One of the beauties of childhood is the ability to be totally satisfied with things that are less than perfect. The child who has made a party hat to complete a costume doesn’t notice that the borders are not square, the top is slightly off centre. Parents or adults view the outfit and apply ‘their only kids’ artistic licence.
Professional fashion or artistic critics don’t enter the debate knowing that their critical analysis would be torn to shreds by any person with children, or a swift black and white assessment by the child or children concerned. Seriously, how does one answer Miss 6 who declares very loudly at a party or family function, “How would you know what is nice, you don’t even have hair!”
A birthday party, regardless of the age of the birthday person, is hardly ever complete without a hat. We’ve all worn them; from Christmas plastic folded crowns to pointed cones with elastics that left a red welt to remind you of the event for the next 3 days.

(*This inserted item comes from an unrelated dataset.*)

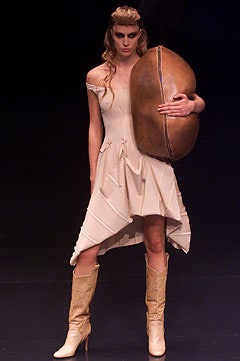 beige asymmetric off-shoulder dress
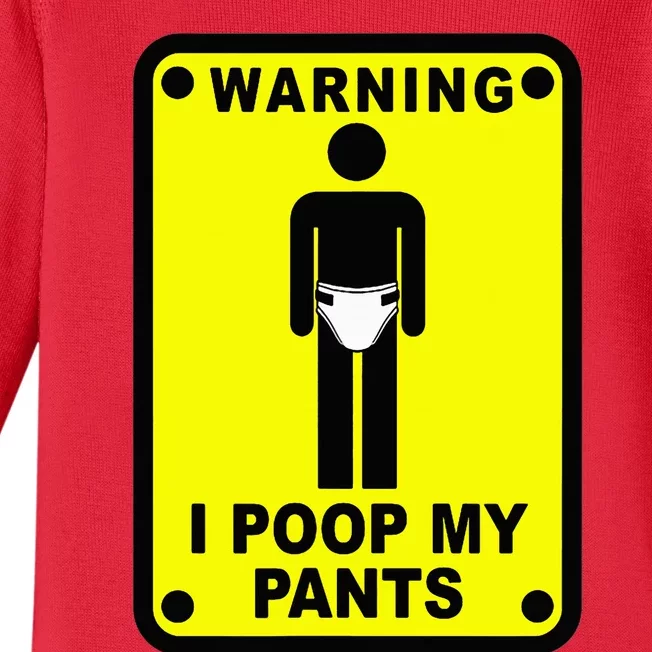 Warning I Poop My Pants Baby Long Sleeve Bodysuit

There is no one origin of pointed birthday hats. In fact, this distinctive headgear has been around at the very least since 2800 BC, when ancient Egyptian pharaohs donned it. It is unknown if pointed hats were adopted from Egypt or if they simply began systematically appearing around the world. In medieval Europe several groups in society donned conical hats. Some Jewish sects, pagan subcultures – such as witches and wizards – and noblewomen wore conical hats that perhaps represented royalty.
So when you are next requested to don a conical hat, don’t think it is people asking you to dress as the dunce; rather remember you have been invited into the Royalty, and party like a queen or king!